Toda la historia del siglo XX, y de forma especial los grandes acontecimientos traumáticos, como las dos Guerras Mundiales, sólo se pueden comprender si recordamos que nacieron de sociedades que habían apostado por el desarrollo tecnológico, al mismo tiempo que imponían el mantenimiento de una cultura tradicional, agotada y periclitada. El resultado ya lo sabemos: Coerción social y militarismo. El caso de Alemania, capaz de provocar y perder dos Guerras Mundiales antes de aceptar un cambio cultural y social (pasar de la sociedad cerrada a la sociedad abierta, por utilizar los conceptos de K R Popper), es realmente patético sin dejar de ser trágico.
Es muy llamativo que existan tan pocos trabajos sobre la reacción conservadora contra la modernidad, tanto en la cultura como en la política, las costumbres, en los siglos XIX y XX, en tanto abundan los libros sobre los efectos destructores de las distintas líneas de los radicalismos. Incluso en el terreno del arte los expertos llegan a hablar de “vanguardias destructivas” o negativas, referidas sobre todo a Dada. Se habla de nihilismo, viendo en este concepto tan sólo su parte destructora, su afán de hacer tabla rasa, sin concederle ningún aspecto positivo. Sin embargo se estudia poco, o de forma anecdótica tan sólo, los episodios más flagrantes de la reacción antimoderna, como toda la historia del “arte degenerado” en Alemania, o la imposición del realismo en la Rusia soviética.
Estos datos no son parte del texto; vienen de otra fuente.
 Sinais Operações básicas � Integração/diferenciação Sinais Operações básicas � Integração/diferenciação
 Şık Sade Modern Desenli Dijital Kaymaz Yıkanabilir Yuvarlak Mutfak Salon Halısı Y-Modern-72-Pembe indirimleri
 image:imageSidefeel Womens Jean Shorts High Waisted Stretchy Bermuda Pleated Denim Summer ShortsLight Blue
Lo que cuesta trabajo comprender, y sobre todo aceptar, es que nadie niegue que en el siglo XX todo lo que nos afecta, todo lo que nos alimenta o nos intoxica, lo que da sentido a un vida y lo que puede llevarnos a la destrucción; la forma de ver, entender y considerar los datos inmediatos de los sentidos, junto con las propias dimensiones de eso que seguimos llamando conciencia; también las consideraciones que nos hacemos sobre lo que es trascendente o no, y las nuevas formas de aceptarlo o rechazarlo; y no digamos el propio significado de la experiencia humana más básica..., ha cambiado radicalmente, pero no actúe en consecuencia.
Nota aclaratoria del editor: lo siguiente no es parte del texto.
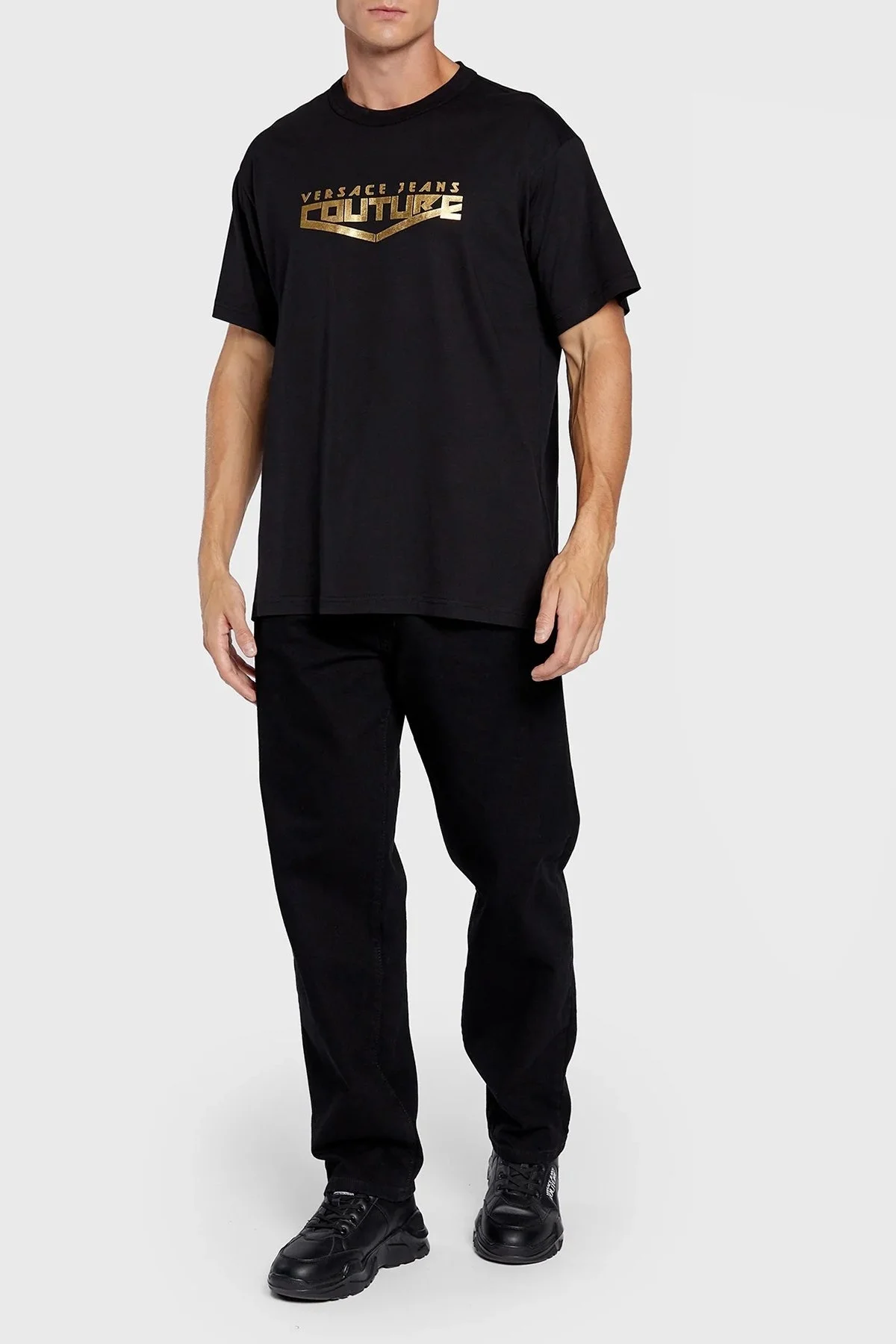 Versace Organik Pamuklu Relaxed Fit Bisiklet Yaka Erkek T Shirt 73GAHT30 CJ00O G89 SİYAH - 2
Digámoslo de entrada: En el siglo XX tiene lugar un cambio de época en Europa y USA en todos los terrenos fundamentales de la sociedad.
Pero sobre todo, en la estética, que es el cemento que une al resto de los componentes culturales y sociales. Porque contra lo que muchos piensan y mantienen, el fenómeno estético es un componente fundamental de cada sociedad, y está íntima y profundamente interrelacionado con el resto de los fenómenos sociales. Y no me refiero a la teoría del reflejo, ni a la superestructura marxista, sino a una situación de vasos comunicantes, que producen una interdependencia de equilibrios inestables y cambiantes que conforman el conjunto en un momento determinado.
Cuando la inestabilidad aumenta, y los cambios arrastran lo establecido, cada parte implicada organiza sus respuestas para recuperar el equilibrio, o al menos, no ser arrastrados a su vez por la vorágine. Es un principio biológico al que ningún ser vivo o ninguna organización social escapa. Y el equilibrio sólo se consigue cuando las nuevas aportaciones son asimiladas y empiezan a consumirse. Con lo cual, si estas aportaciones tienen fuerza suficiente, se inicia un nuevo proceso de desestabilización. En el siglo XX hemos vivido en una atmósfera tan cambiante, que no pocas personas han llegado a pensar que eso era lo habitual también en tiempos anteriores.
En algunas circunstancias históricas, como ha sucedido en el siglo XX, los cambios son tan repentinos, o de tal calibre y presencia, que la sociedad o los colectivos sucumben irremediablemente. En otros caso no tan extremos, la sociedad mantiene un cierto grado de cohesión, a pesar de no poder arbitrar respuestas eficaces ante los cambios. Pero en esos casos, colectivos particulares, grupos o individuos aislados, deben pagar un alto precio en sufrimiento, enfermedad, pobreza y muerte. Las contradicciones las tiene que pagar alguien. Véase las dos guerras mundiales que han asolado el siglo XX, y que al mismo tiempo que han beneficiado a una minoría, han producido millones de muertos, mutilados, enfermos crónicos, y daños masivos en todos los terrenos. O sin ir tan lejos, veamos el caso de la Guerra Civil en España, producida por una reacción contra la llegada de cambios culturales, sociales y políticos, considerada amenazante por las clases ultra-conservadoras. Esta terrible tragedia puede ser vista como el resultado de un conflicto cultural. De ahí que el régimen de Franco intentara que en las costumbres, en la religión, en la educación, España volviera pura y simplemente al siglo XVIII. Y no sólo se trató de un intento, sino de un proyecto largamente mantenido, con resultados que, aunque están a la vista de todos, se suelen ignorar olímpicamente.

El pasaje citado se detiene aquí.